Apr. 28th, 2003 02:24 am![[personal profile]](https://www.dreamwidth.org/img/silk/identity/user.png)
i think at some point we all snap. me, i snapped a long time ago, but that's neither here nor there.
i think it's an interesting sociological observation to say that the readers of jkr's books basically start applying them to themselves. i mean, there's just definitely something in that, isn't there? i see people live out the prejudices that are being delineated in the books-- not something like muggle and mudblood vs. pureblood (thank gahd), but the whole House thing. i've seen this before, but now i've finally snapped, and i need to address this issue.

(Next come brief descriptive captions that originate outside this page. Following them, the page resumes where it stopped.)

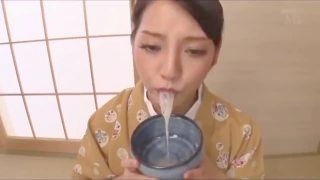 Japanese Food Bukkake Highlights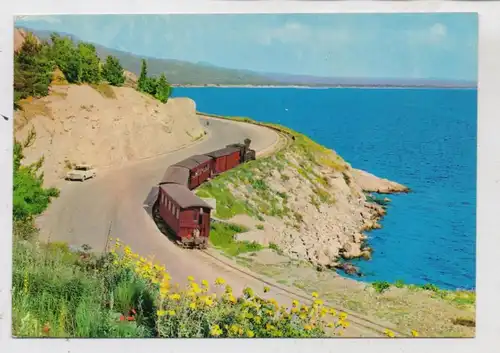 EISENBAHN / Railway, VOLOS / GR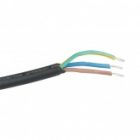 Светильник складской Feron AL1006 2835 SMD 100W 5000K AC230V 12000Lm 90° IP65 черный 230x33mm изображение 11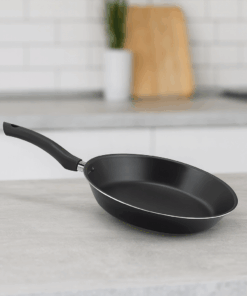 Frigideira Dia A Dia 22 Cm Francesa Antiaderente Alegrete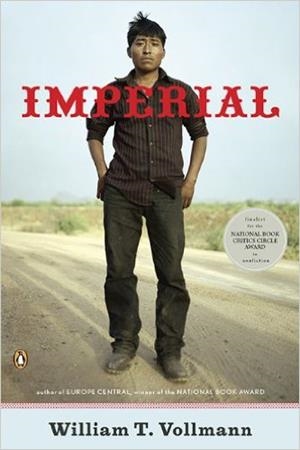 IMPERIAL | 9780143118404 | WILLIAM T. VOLLMANN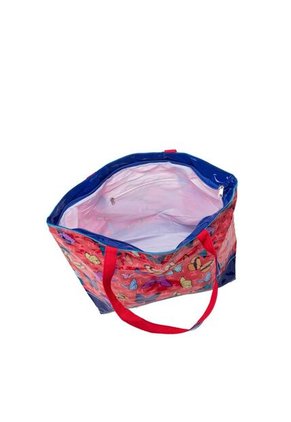 Shopping Navidad Rojo Fuerte Xmas Shopping Navidad Rojo Fuerte Xmas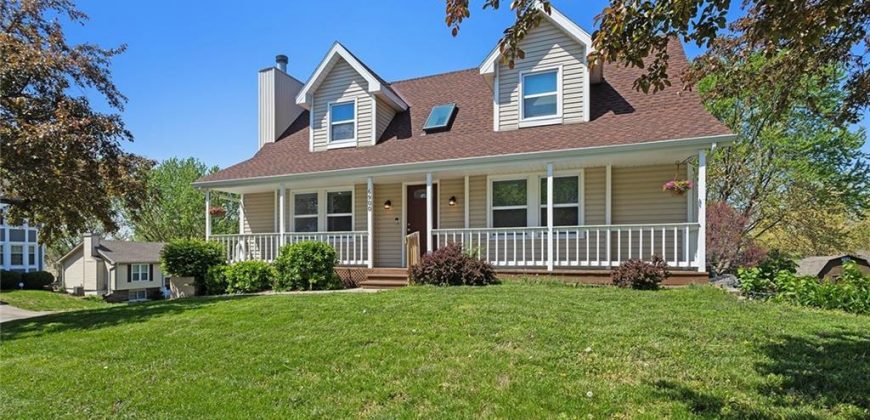Homes for Sale in Pleasant Valley, MO 64068 | 6900  T Gabbert Drive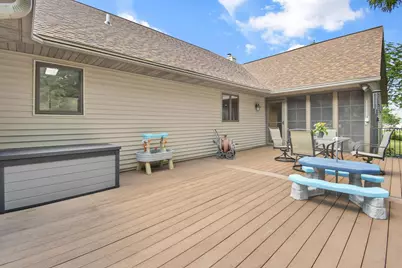 W12440 Northern Cross Arm Road, Lodi, WI 53555 - Photo 29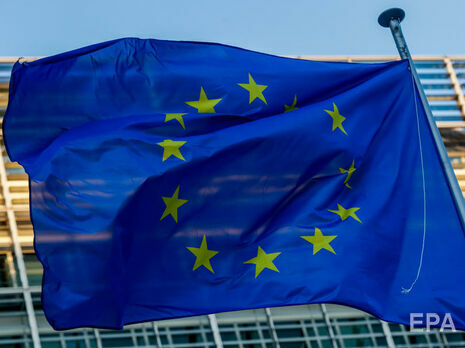 Посли країн ЄС погодили надання Україні €1,2 млрд макрофінансової допомоги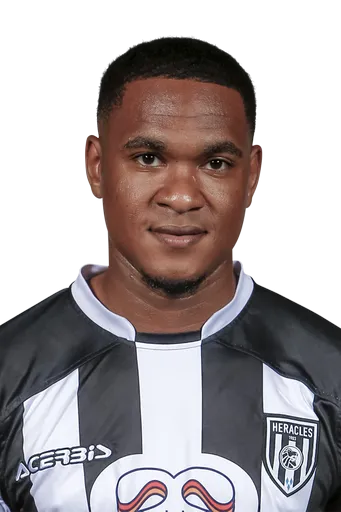 Navajo Bakboord logo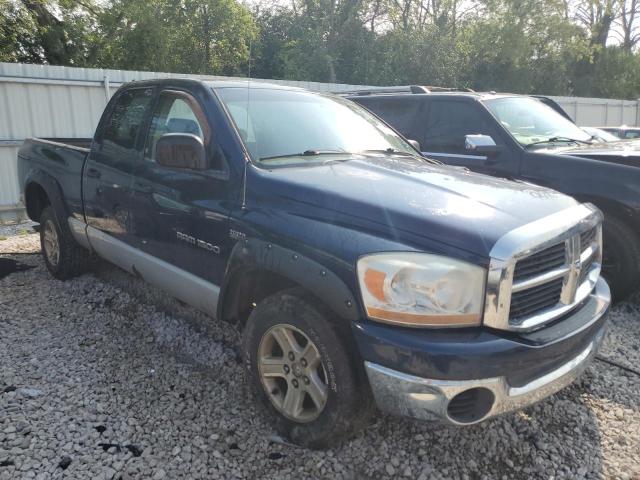 Photo 4 from auction – 2006 DODGE RAM 1500 S with VIN 1D7HA18256J117139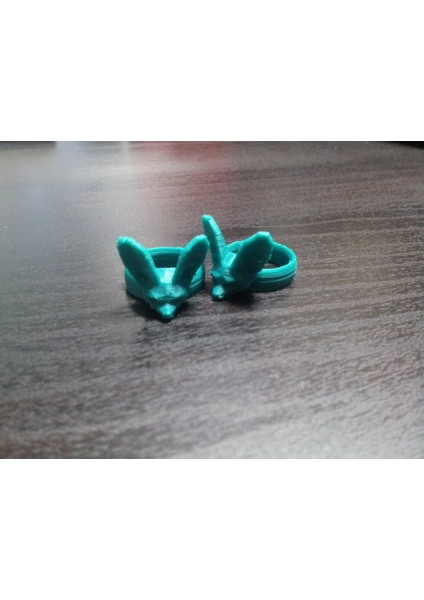 Rezene Tilki Yüzüğü (Plastik Aparattır!!!) indirimleri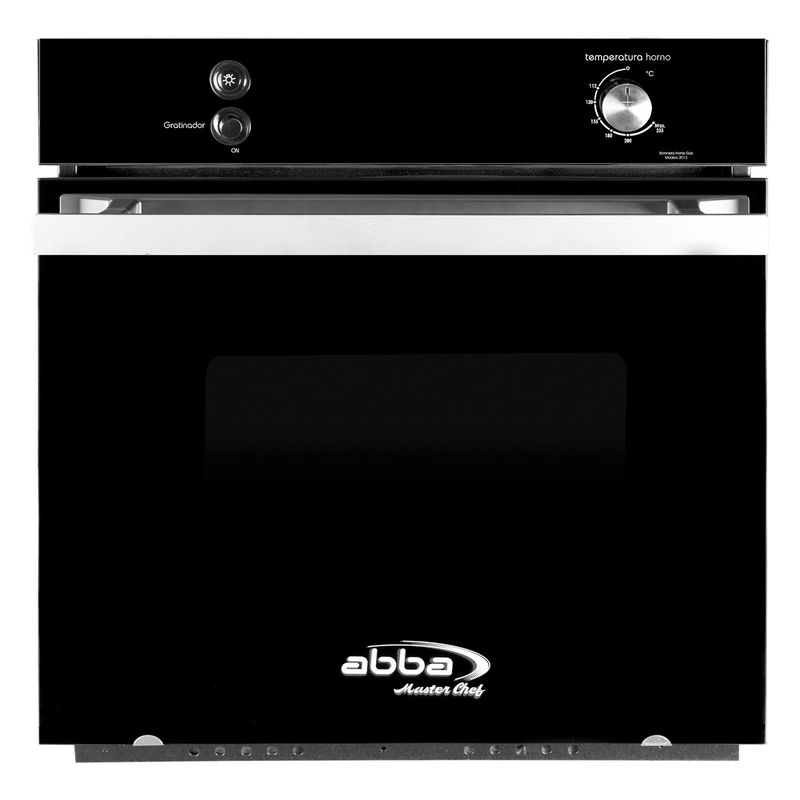 ABBA - Horno de Empotrar HGE 20VE GTLN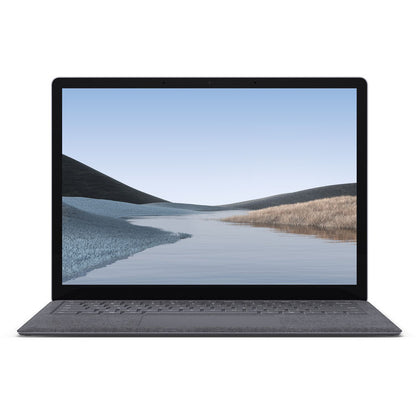Microsoft Surface Laptop 3 13-in - i7 16GB 512GB Platinum Fabric - VGS-00001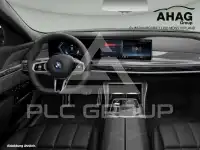 2023 BMW I7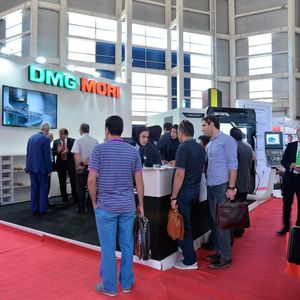 Im Rahmen der zweiten AMB Iran wird 2017 erstmals die „Automation Iran“ mit Unterstützung des Automatisierungsindustrieverband AIAC stattfinden.
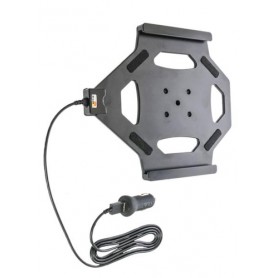 Brodit 521977 supporto per personal communication Supporto attivo Tablet/UMPC Nero (521977)
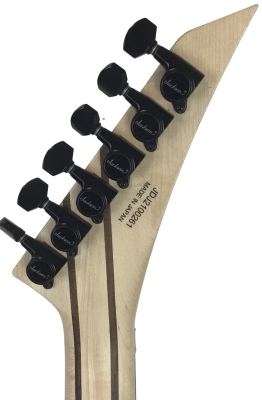 Jackson Guitars - MJ Dinky DKR 2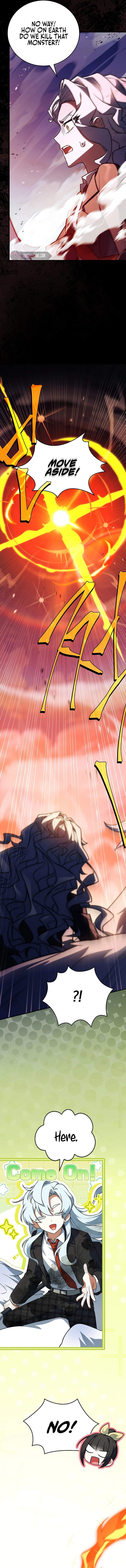 The Legendary Hero is an Academy Honors Student Chapter 60 Page 12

it's one thing to jokingly wonder which house you'd be sorted in if you were in hogwarts. it's another to rigorously identify with said house and to claim appropriate characteristics-- as well as to actually discriminate in favor of people who likewise identify with your chosen group. so many people wonder why hermione's in gryffindor, or neville for instance. harry only seemed to get into gryffindor and not slytherin because he wanted to. obviously, this isn't really a personality test, here, initial evidence to the contrary aside.
i mean, i jokingly wore a stytherin scarf this winter, but. to say i'm slytherin (or gryffindor, or ravenclaw), would kind of frighten me (and not just because i don't think i fit well into any of the stereotypes). even in jest, i think there's an undercurrent of a true attempt at "sorting". which is both innocent and to be expect and kind of disturbing, really, isn't it?
~~
in other news.
eleveninches is my hero. she wrote a tiny ficlet. go encourage her!!! moooore!!
hee. thinking about how j_h and ps aren't putting me off h/d at all, and are in fact encouraging me, i realized that the sad truth is, i'm just a glutton for punishment. *laughs* i like the impossibleness, i like the anger and the issues and the way draco doesn't deserve harry and how horrible he is. mostly because, while i want characters i love to be happy, i don't need to them to be happy immediately or to be mentally healthy, for that matter. i think conflict and trauma and extremes of emotion and behavior are... well... more interesting than well-balanced interactions. i almost never care about pairings that are too easy. or characters, for that matter. but anyway, horrible bastards make great characters to fall in love with. tee hee. gahd, the torture. torture them with sweetness. woo!
okay, so it sounds like i have issues, doesn't it. but no, i have the stories have the issues for me. yah, that's it.
~~
reading lasair's latest entry, i was reminded of a nagging thought about the idea of "gen" fic. the idea that gen fic is more like what we normally read, more like published literature. i myself don't go in for gen fic-- published or not: i'm a genre reader by inclination. i like romance, fantasy, adventure, coming of age stories, fairytale-related things. my concern tends to be style and characterization and emotion rather than plot. a plot's interest tends to be proportional to its connectedness for the character development arc of a story.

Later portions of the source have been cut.